If we equation the two third row elements of the vectors in Equation (6), we have $\lambda\,\epsilon_{{x}}+\lambda\,\epsilon_{{y}}+{\frac{\left(1-\nu\right)\lambda\,\epsilon_{{z}}}{\nu}}=0$ (8)

Solving for the z-axis strain, $\epsilon_{z}={\frac{\left(\epsilon_{{x}}+\epsilon_{{y}}\right)\nu}{-1+\nu}}$ (9)

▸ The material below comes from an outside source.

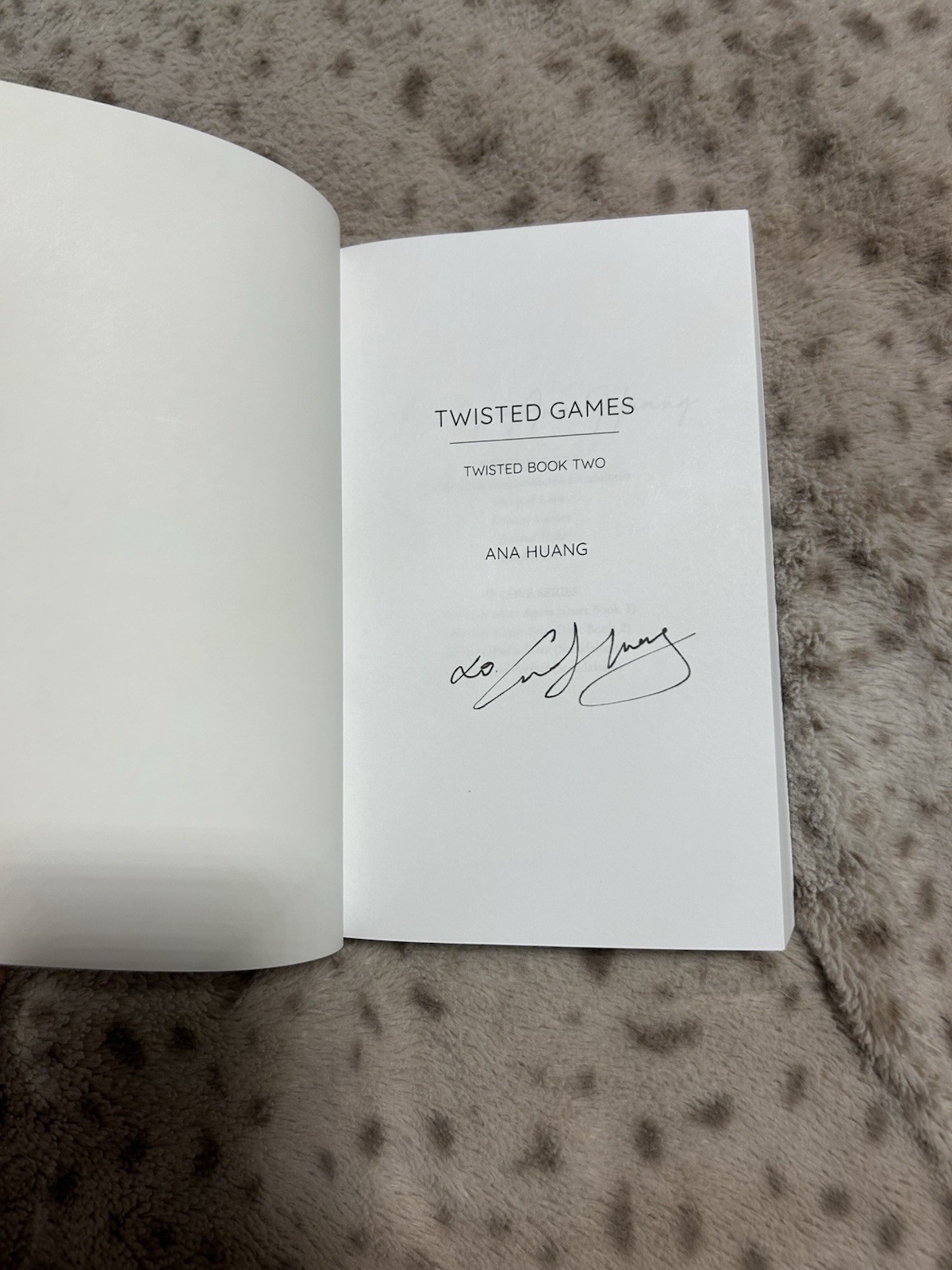 Twisted Games (Twisted, 2) By Ana Huang Cover To Cover Exclusive ￼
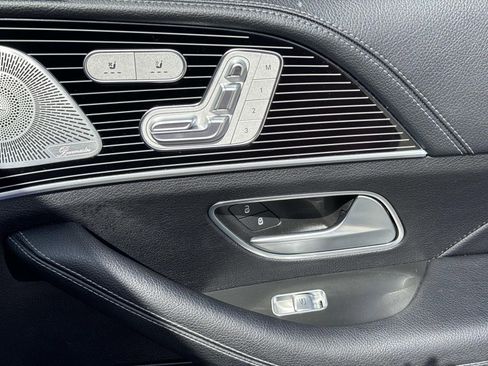 Used 2024 Mercedes-Benz GLS 580 4MATIC image 16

Since the z-axis strain is a function of the x-axis and y-axis strains, the obvious question is this: can we go to a 3 x 3 matrix formulation? The answer is yes if we literally invert the process. We need to do the following:

1. Consider the basic equation in this form: $D_{e}^{-1}\sigma=\epsilon$.
2. Since $\sigma_z = 0$, we can remove the third column and row from the constitutive matrix and the third row from the stress (and strain) matrix.
3. We multiply through to yield \left[\begin{array}{ccc} -{\frac{\nu}{\lambda\,\left(-1+\nu+2\,{\nu}^{2}\right)}} & {\frac{{\nu}^{2}}{\lambda\,\left(-1+\nu+2\,{\nu}^{2}\right)}} & 0\\ \noalign{\medskip}{\frac{{\nu}^{2}}{\lambda\,\left(-1+\nu+2\,{\nu}^{2}\right)}} & -{\frac{\nu}{\lambda\,\left(-1+\nu+2\,{\nu}^{2}\right)}} & 0\\ \noalign{\medskip}0 & 0 & {G}^{-1} \end{array}\right]\left[\begin{array}{c} \sigma_{{x}}\\ \noalign{\medskip}\sigma_{{y}}\\ \noalign{\medskip}\tau_{{\it xy}} \end{array}\right]=\left[\begin{array}{c} \epsilon_{{x}}\\ \noalign{\medskip}\epsilon_{{y}}\\ \noalign{\medskip}{\it \gamma}_{{\it xy}} \end{array}\right]=\left[\begin{array}{c} -{\frac{\nu\,\sigma_{{x}}}{\lambda\,\left(-1+\nu+2\,{\nu}^{2}\right)}}+{\frac{{\nu}^{2}\sigma_{{y}}}{\lambda\,\left(-1+\nu+2\,{\nu}^{2}\right)}}\\ \noalign{\medskip}{\frac{{\nu}^{2}\sigma_{{x}}}{\lambda\,\left(-1+\nu+2\,{\nu}^{2}\right)}}-{\frac{\nu\,\sigma_{{y}}}{\lambda\,\left(-1+\nu+2\,{\nu}^{2}\right)}}\\ \noalign{\medskip}{\frac{\tau_{{\it xy}}}{G}} \end{array}\right] (10)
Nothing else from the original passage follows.